» Prompt: Give back, unaltered, the lines from the one with "Jaguar F-Type 5,0" to the end of the material, omitting pictures.

===== Data extract

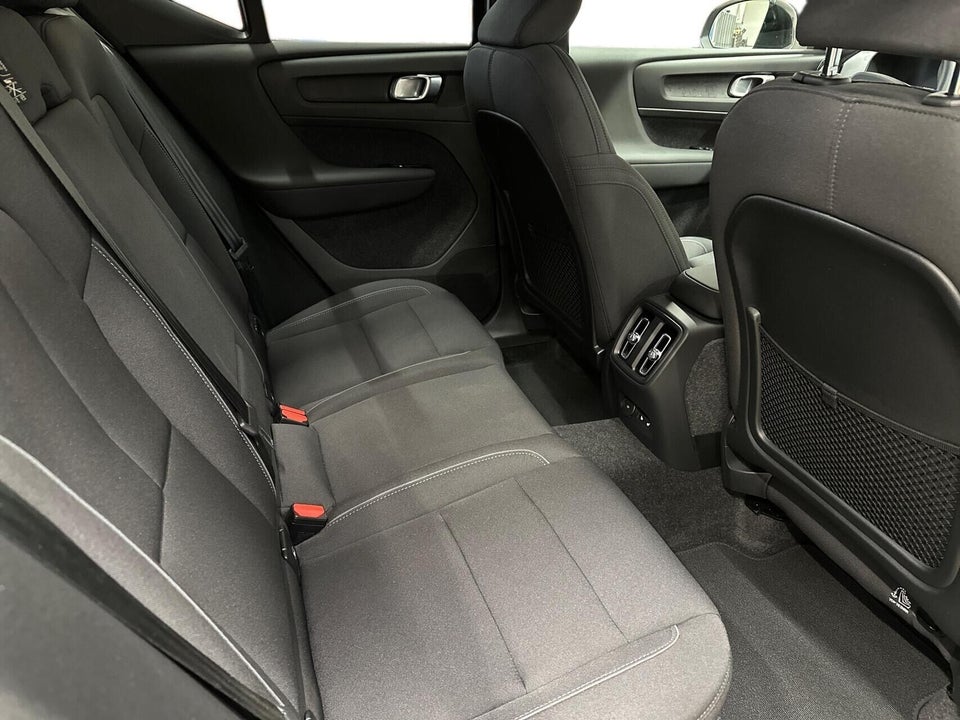 Volvo EX40 Extended Range Core 5d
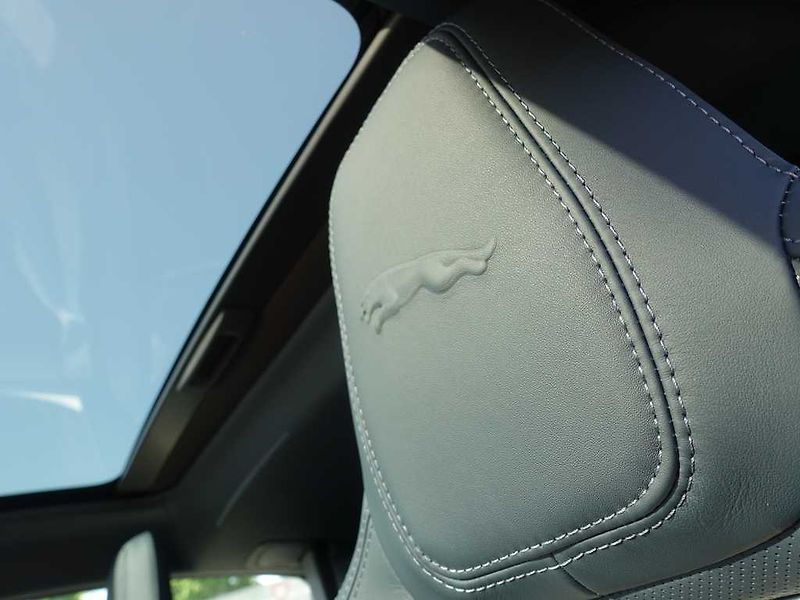 Jaguar F-Type 5,0 V8 P575 ZP EDITION 4x4 - fotka 12 z 37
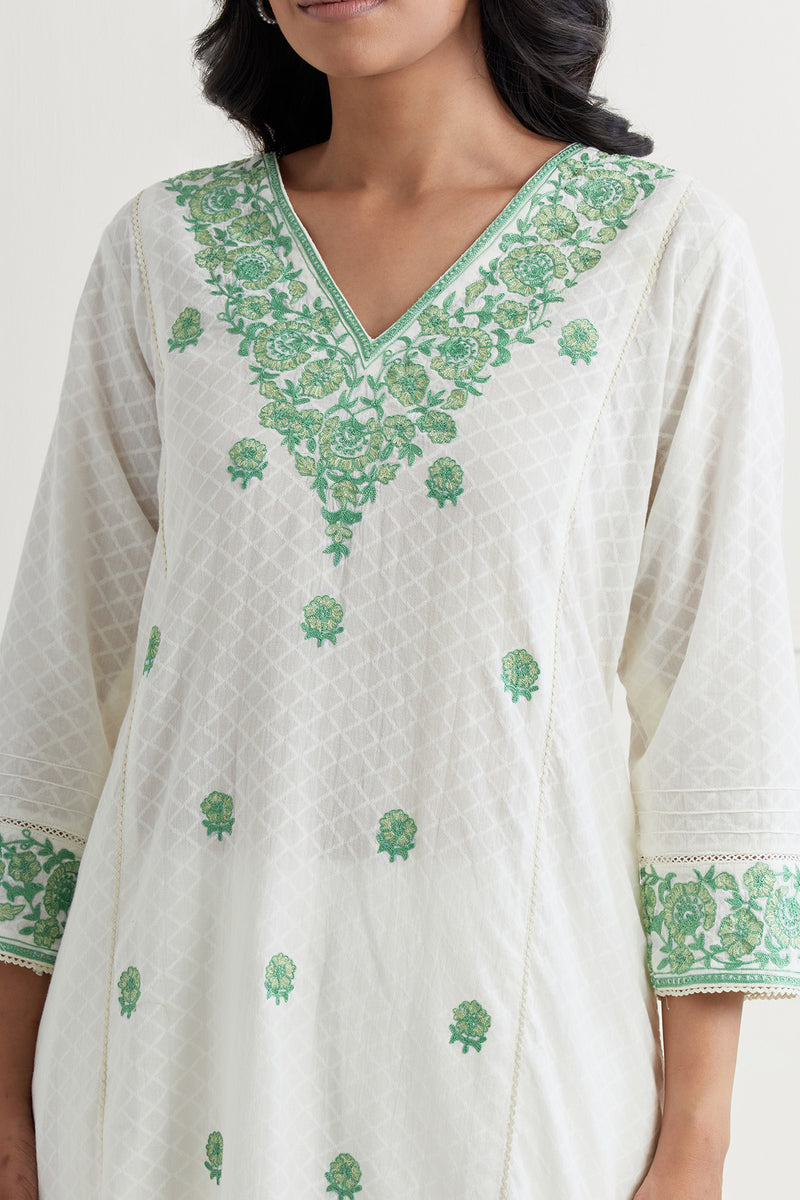 Off White Cotton Kurta & Pant Salwar Set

==========

» Your solution:
 Jaguar F-Type 5,0 V8 P575 ZP EDITION 4x4 - fotka 12 z 37
 Off White Cotton Kurta & Pant Salwar Set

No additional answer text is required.